The RBA’s tone suggested that the widely expected November cut is far from a done deal. Policymakers appear keen to leave flexibility in case inflation surprises higher, especially if robust consumption and firm labour markets give businesses scope to pass on costs. More importantly, scope for a deeper easing cycle is now more limited than markets had assumed. Even if the RBA delivers one cut in November, follow-up moves may prove difficult.
Meanwhile, Yen also stayed firm, supported by the BoJ’s Summary of Opinions, which revealed growing calls for rate hikes within the board. A number of board members argued that the time for action may be near, adding momentum to expectations of policy normalization.

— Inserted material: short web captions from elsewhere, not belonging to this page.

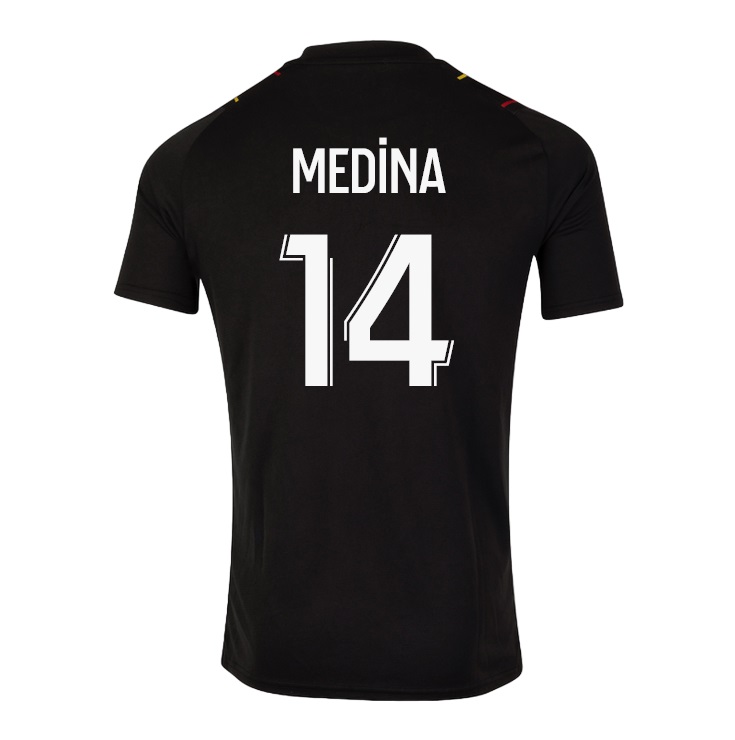 Maillot RC Lens Extérieur 2023 2024 Medina (1)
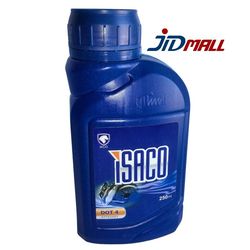 روغن ترمز آبی Dot4 برند ایساکو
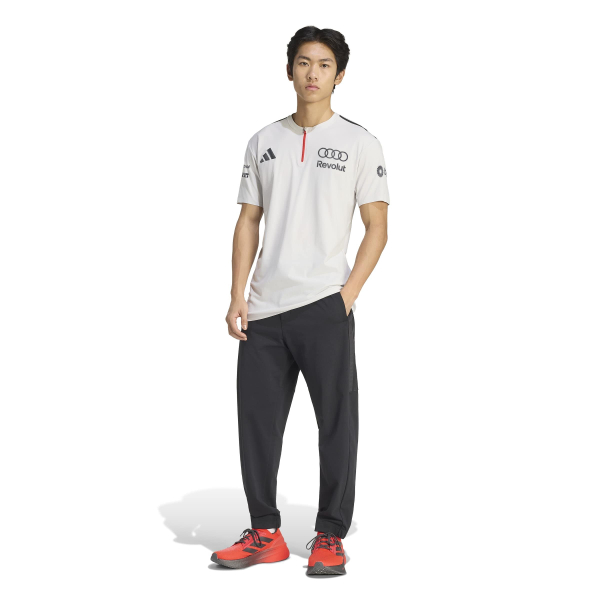 AUDI FORMULA ONE ENG. POLO SHORT SLEEVE MEN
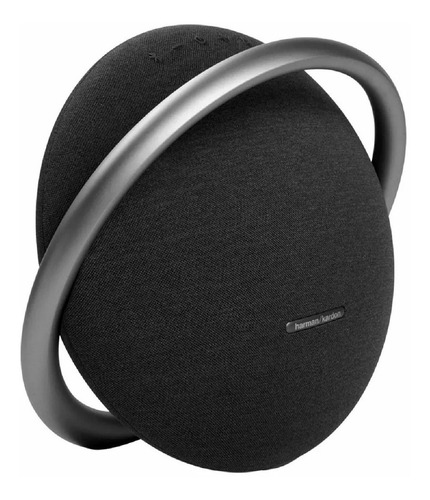 Imagen 3 de 3 de Parlante Harman Kardon Onyx Studio 7 portátil con bluetooth black 220V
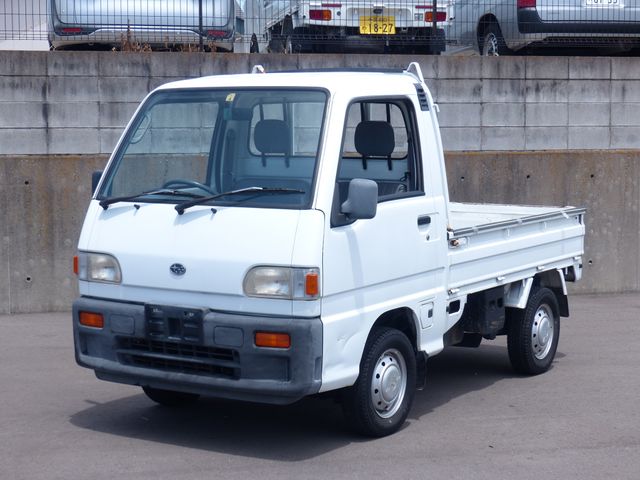 subaru sambar-truck 1998 A491 image 2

Yet Japanese data continue to cast doubt on how soon that shift can occur. Industrial production contracted more than expected in August, and retail sales posted their first drop in 42 months. For now, the majority of the Board remains cautious, waiting for more evidence before endorsing a move.
Doves remain in the majority in the BoJ for now, and there is little hard evidence yet to tip the balance decisively toward an imminent hike. The next test will be the quarterly Tankan survey due tomorrow, which will provide a clearer read on business sentiment and capital expenditure plans.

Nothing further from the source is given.